The scientist didn’t get a chance to answer as a horde of teenage girls exited from the light faster than anyone could count. They surrounded Dr. Lang screaming and swooning.

“Look,” Dr. Field said, “every last one of them has a disfigured face exactly like Dr. Lang’s.”

The commander looked and couldn’t believe his eyes. Half beautiful women fell at Dr. Lang’s feet. The commander took him by the arm and escorted him to a secure area where the shouting girls couldn’t get to him.

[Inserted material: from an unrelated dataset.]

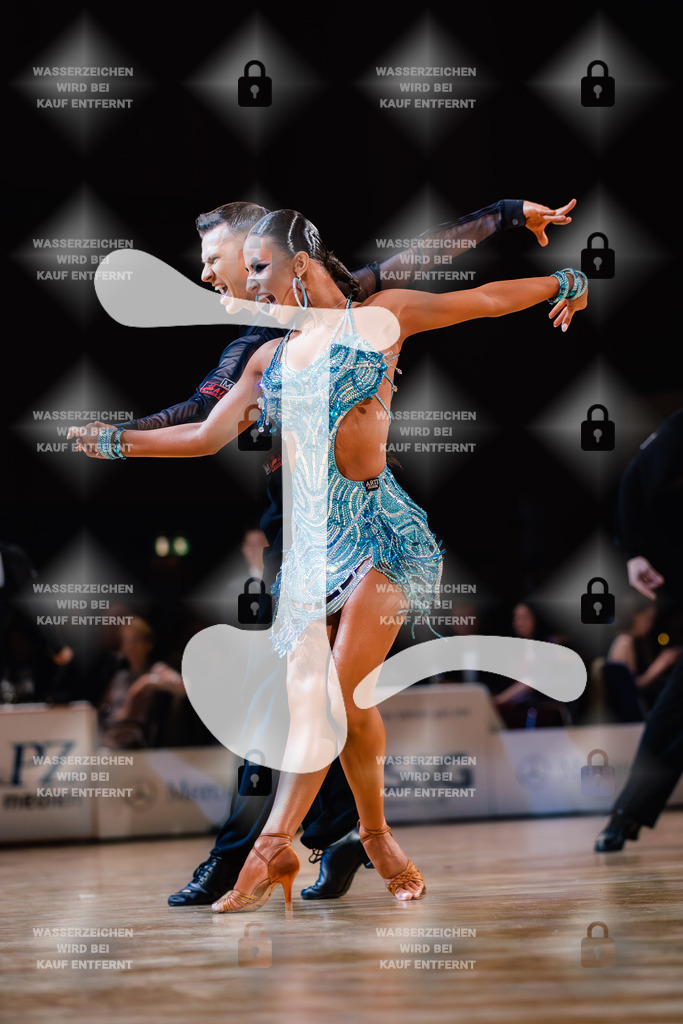 Goldstadtpokal 2025 - WDSF World Open Latin 4th (39) Konstantin Gorodilov _ Polina Figurenko (Estonia)-2025-01-25-9591 | Webshop for digital downloads and prints of dance sport, event & show photographer Julian Link - Realisiert mit Pictrs.com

The girls surrounded the building and wouldn’t leave. Dr. Field interviewed a few girls to understand what was happening.

“You won’t believe this Einstein, but you’re the reason for the wormhole and for these girls being here.”

“How can that be?”

“You’ve got the face that launched a wormhole,” he laughed at his own joke. “Genetic experiments ran wild from our century well into the 22nd Century and somehow the human female genome got screwed up and every female born after the 23rd Century is born with half her face disfigured, much as yours is. Over the years the deformity became a beauty symbol. The more wrinkled, melted, deformed, or ugly their face is by our standards, the more beautiful by theirs.

“Their problem is all the males don’t have any deformities and are considered ugly. Genomic experiments were outlawed after the plague deformed all females so they don’t have any way to create males to match. Some guys take blow torches to their faces to try to become beautiful, but that makes a poor copy of the women’s beauty.

“A satellite T.V. signal with news about the accelerator got picked up by future Earth. The geeks figured out how to do that too. Once they saw your beautiful face: their words, not mine, they clamored to open a portal between their time and ours so they could come and convince you to return with them to father their children in the hopes the children would be as beautiful as you. Their geek friends used the energy from the collider to open the wormhole for them.”

“I never calculated something like this happening,” Dr Lang said.